Не только процесс развития науки, сам исторический процесс XX века обнаружил действенность и актуальность мифологических моделей при создании политических мифов и стереотипов общественного поведения, причем, не в аспекте их обращенности к архаике, а именно в аспекте мифологизации их современных бытовых составляющих. М.Н. Эпштейн подчеркивал принципиальную разницу между мифопорождающей ситуацией в XX веке и в архаическую эпоху, поскольку новая мифология зарождается «в недрах общественного и технического прогресса» (Эпштейн, 1988. С.273) и мифологизирует события повседневной жизни: «Собрание в ЖЭКе; дежурство народной дружины; опускание избирательного бюллютеня… – все это элементы современной мистерии, по существу вполне ритуальные, потому что лишенные практического смысла и тем не менее необходимые обществу, чтобы сохранять контроль над индивидом, и необходимые индивиду, чтобы чувствовать себя вполне полноправным членом общества» (Эпштейн, 1988. С. 373–374). М. Элиаде к мифам современного мира относит коммунизм Маркса и нацизм, подчеркивая, что политические мифы продуцируют в первую очередь миф как «элемент цивилизации», воспринимаемый на микроуровне как «тип человеческого поведения», то есть сотворяют морфологию мифа по модели традиционных культур (Элиаде, 1996. С.27). Исследования в области политических и бытовых мифов, показывающие как возобновляется механизм порождения мифологического содержания применительно к новому явлению (например, анализ С.И. Дмитриевой рассказов о встрече с НЛО по жанровой аналогии с традиционной быличкой (Дмитриева, 2005. С. 133–159)), важны для осознания особенностей неомифологизма XX века уже в узком применении специфически к литературному процессу в том отношении, что именно они показывают: содержанием (явлением, объектом, типом поведения), подвергающимся мифологизации, может быть любое означаемое, означающееся через категории мифологического мышления. Именно эта специфичность порождения мифа в истории и культуре XX века ищет нового терминологического выражения, обращаясь к термину «неомифологизм».

Термин «неомифологизм» мало адаптирован современной наукой о литературе. В мифологических словарях (М.Н. Ботвинник, М.А. Коган, М.Б. Рабинович, Б.П. Стелецкий. Мифологический словарь. – Минск, 1989; Мифологический словарь. Гл. ред.

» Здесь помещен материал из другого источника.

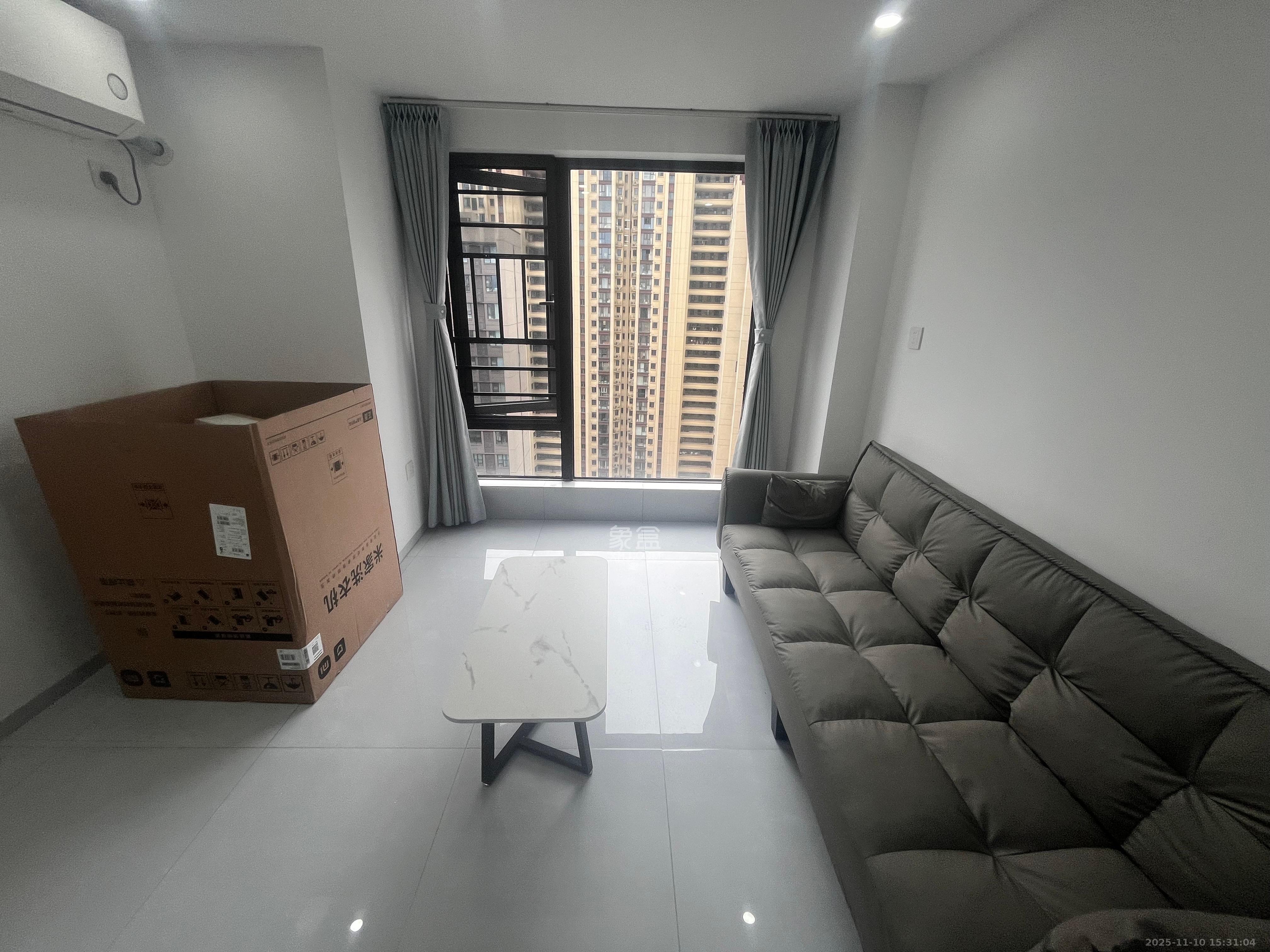 卓越江岸 2室1厅1卫 2500.0元/月 卓越江岸 2室1厅1卫 2500.0元/月室内图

Е.М. Мелетинский. – М., 1990; А.И. Немировский. Мифы и легенды Древнего востока. – М., 1994; Славянская мифология. Энциклопедический словарь. Под ред. В.Я. Петрухина, Г.А. Агапкиной, Л.Н. Виноградовой, С.М. Толстой. – М., 1995; Е.А. Грушко, Ю.М. Медведев. Словарь всемирной мифологии. – Нижний Новгород, 1997; Мифология. Энциклопедия. Гл. ред. Е.М. Мелетинский. – М., 2003;) данная дефиниция отсутствует. В наиболее авторитетных словарях представлены либо толкование категории «мифологизм» (ЛЭС, 1987), либо аналитическое соотношение мифа и литературы (Мифы народов мира, 1989). Хотя в «Литературном энциклопедическом словаре» (ЛЭС, 1987) дифференцируется категория мифологизма применительно к литературе XIX и XX веков, а также указаны те основные особенности, которые качественно отличают мифологизм XX века как от архаического первобытного мифа, так и от мифологизма, присущего литературе предшествующего столетия (ЛЭС, 1987.С.224). В классическом исследовании по поэтике мифа Е.М. Мелетинского анализ мифологизма в литературе XX века вынесен в особый раздел (Мелетинский, 1995.С.277–358).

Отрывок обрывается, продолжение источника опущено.